Source material:
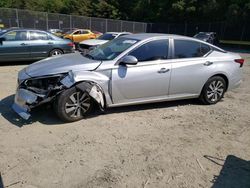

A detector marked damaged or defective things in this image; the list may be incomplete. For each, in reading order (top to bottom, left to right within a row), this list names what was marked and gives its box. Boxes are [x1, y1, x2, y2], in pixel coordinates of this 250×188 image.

bent hood [24, 51, 100, 77]
shattered windshield [85, 36, 139, 60]
damaged silver sedan [12, 33, 244, 122]
broken bumper [11, 88, 38, 120]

The task: Hand back the records above exactly as they are, pictures excluded.

Result of this task:
A detector marked damaged or defective things in this image; the list may be incomplete. For each, in reading order (top to bottom, left to right within a row), this list names what was marked and gives its box. Boxes are [x1, y1, x2, y2], in pixel coordinates of this 250×188 image.

bent hood [24, 51, 100, 77]
shattered windshield [85, 36, 139, 60]
damaged silver sedan [12, 33, 244, 122]
broken bumper [11, 88, 38, 120]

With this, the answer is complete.